Im März 2016 billigte die Abgeordnetenkammer ein Gesetz, das Schwangerschaftsabbrüche in Fällen von Vergewaltigung, bei Gefahr für das Leben der Frau und bei schwerer fötaler Missbildung straffrei stellt. Ein Passus, der medizinischem Personal verbot, Frauen anzuzeigen, wurde von den Abgeordneten jedoch abgelehnt und deshalb aus dem Gesetz gestrichen. Die Zustimmung des Senats zu dem Gesetz stand Ende 2016 noch aus.

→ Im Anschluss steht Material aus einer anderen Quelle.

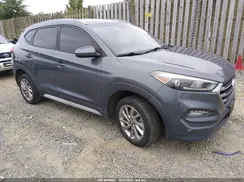 KM8J3CA40JU708611 2018 HYUNDAI TUCSON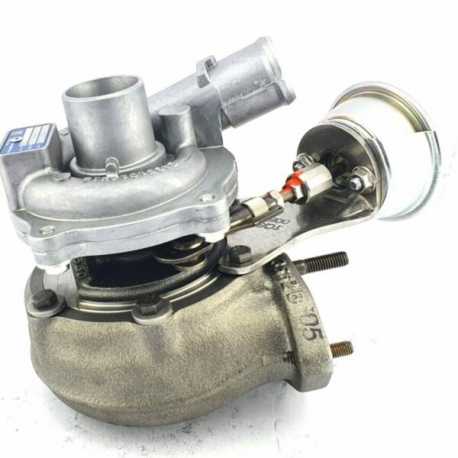Turbo pour OPEL Corsa D 1.3 CDTI 90 CV 5435 988 0015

RECHTE VON LESBEN, SCHWULEN, BISEXUELLEN, TRANSGESCHLECHTLICHEN UND INTERSEXUELLEN

Die Menschenrechtskommission des Senats befürwortete im September 2016 einen Gesetzentwurf zum Recht auf geschlechtliche Identität. Dies bedeutete einen ersten Schritt hin zu einer Verabschiedung des Gesetzes, über das drei Jahre lang debattiert worden war. Ende 2016 stand die Zustimmung des Senats und der Abgeordnetenkammer jedoch noch aus. Laut Gesetzentwurf können transgeschlechtliche Personen über 18 Jahre ihre Geschlechtsidentität amtlich anerkennen lassen, indem sie ihren Namen und ihr Geschlecht in offiziellen Dokumenten durch einen Verwaltungsakt ändern. Bislang ist dafür eine operative Geschlechtsangleichung oder ein ärztliches Gutachten notwendig.

Im Juni 2016 kam es vor der Interamerikanischen Menschenrechtskommission zu einer gütlichen Einigung zwischen der Regierung und drei homosexuellen Paaren, die Beschwerde dagegen eingelegt hatten, dass ihnen ihr Recht auf Heirat verweigert wurde. Bestandteil der Einigung waren politische Maßnahmen, um die Rechte von Lesben, Schwulen, Bisexuellen, Transgeschlechtlichen und Intersexuellen zu stärken. Als ersten Schritt der Umsetzung kündigte die Regierung im August 2016 an, unter Beteiligung der Zivilgesellschaft einen Gesetzentwurf zu erarbeiten, der eine Gleichstellung bezüglich des Rechts auf Eheschließung gewährleisten soll.